In vitro: The in-vitro potencies were tested for KT182 and the results found that KT182 could potently inhibit ABHD6 as measured by gelbased competitive ABPP and 2-AG hydrolysis assays. Moreover, the in-situ potencies were measured by treating Neuro2A cells with varying concentrations of KT182 for 4 h, and it was found that KT182 could inhibit ABHD6 with IC50 values in the subnanomolar range [1].

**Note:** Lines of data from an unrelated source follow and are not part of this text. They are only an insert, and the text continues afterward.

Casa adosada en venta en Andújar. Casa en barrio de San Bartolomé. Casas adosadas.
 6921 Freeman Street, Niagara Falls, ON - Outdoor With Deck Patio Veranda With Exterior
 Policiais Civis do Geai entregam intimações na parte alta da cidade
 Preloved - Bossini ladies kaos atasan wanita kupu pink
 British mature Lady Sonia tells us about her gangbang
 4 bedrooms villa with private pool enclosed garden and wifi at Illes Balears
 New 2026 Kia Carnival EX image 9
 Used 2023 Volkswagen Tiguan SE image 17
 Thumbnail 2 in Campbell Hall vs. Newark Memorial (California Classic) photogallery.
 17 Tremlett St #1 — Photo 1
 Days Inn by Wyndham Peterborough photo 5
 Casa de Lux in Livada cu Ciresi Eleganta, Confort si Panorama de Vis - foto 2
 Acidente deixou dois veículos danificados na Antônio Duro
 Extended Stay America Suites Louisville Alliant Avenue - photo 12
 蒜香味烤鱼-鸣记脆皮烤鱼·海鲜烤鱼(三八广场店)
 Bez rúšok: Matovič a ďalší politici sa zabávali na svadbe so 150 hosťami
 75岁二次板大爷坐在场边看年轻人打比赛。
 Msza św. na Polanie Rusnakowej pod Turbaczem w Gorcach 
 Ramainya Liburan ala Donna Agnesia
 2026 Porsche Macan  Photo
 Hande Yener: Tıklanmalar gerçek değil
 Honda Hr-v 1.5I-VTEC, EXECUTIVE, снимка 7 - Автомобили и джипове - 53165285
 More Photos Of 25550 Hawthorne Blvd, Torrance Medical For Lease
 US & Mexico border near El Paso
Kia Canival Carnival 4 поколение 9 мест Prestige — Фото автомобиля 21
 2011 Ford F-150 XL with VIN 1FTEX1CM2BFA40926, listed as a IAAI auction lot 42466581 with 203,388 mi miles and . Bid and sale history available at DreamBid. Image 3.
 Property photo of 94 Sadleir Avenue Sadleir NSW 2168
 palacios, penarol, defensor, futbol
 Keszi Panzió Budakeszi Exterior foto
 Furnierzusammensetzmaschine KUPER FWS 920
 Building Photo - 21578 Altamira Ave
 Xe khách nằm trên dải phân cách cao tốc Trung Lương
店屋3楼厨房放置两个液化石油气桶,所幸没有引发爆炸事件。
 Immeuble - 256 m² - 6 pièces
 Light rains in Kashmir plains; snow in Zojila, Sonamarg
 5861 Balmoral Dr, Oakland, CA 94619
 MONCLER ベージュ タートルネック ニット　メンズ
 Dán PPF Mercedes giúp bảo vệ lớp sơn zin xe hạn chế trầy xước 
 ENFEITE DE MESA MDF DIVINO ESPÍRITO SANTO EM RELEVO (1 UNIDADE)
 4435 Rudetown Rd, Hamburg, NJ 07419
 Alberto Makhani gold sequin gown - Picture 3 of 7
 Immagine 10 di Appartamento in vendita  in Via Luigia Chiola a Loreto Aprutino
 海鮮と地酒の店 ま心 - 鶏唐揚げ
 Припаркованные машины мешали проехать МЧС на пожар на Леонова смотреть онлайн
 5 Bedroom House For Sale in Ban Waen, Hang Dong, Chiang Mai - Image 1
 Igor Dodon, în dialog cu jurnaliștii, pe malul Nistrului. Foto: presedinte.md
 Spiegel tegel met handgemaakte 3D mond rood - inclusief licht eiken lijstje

In vivo: In animal study, mice were treated intraperitoneally with KT182 at various doses (0.1-1 mg/kg) for 4 h, and the results found that KT182 could produce near-complete blockade of ABHD6 in the liver at the highest dose tested. Moreover, KT182 at lower doses maintained around 80% inhibition of ABHD6 in the liver and KT182 at higher doses showed impressive selectivity in the mouse liver, exhibiting little cross-reactivity against the numerous carboxylesterase enzymes. In addition, KT182 could also completely inactivate ABHD6 in the mouse brain at 1 mg/kg [1].
Clinical trial: Up to now, KT182 is still in the preclinical development stage.
Reference:[1] Hsu KL, Tsuboi K, Chang JW, Whitby LR, Speers AE, Pugh H, Cravatt BF. Discovery and optimization of piperidyl-1,2,3-triazole ureas as potent, selective, and in vivo-active inhibitors of α/β-hydrolase domain containing 6 (ABHD6). J Med Chem. 2013 Nov 14;56(21):8270-9.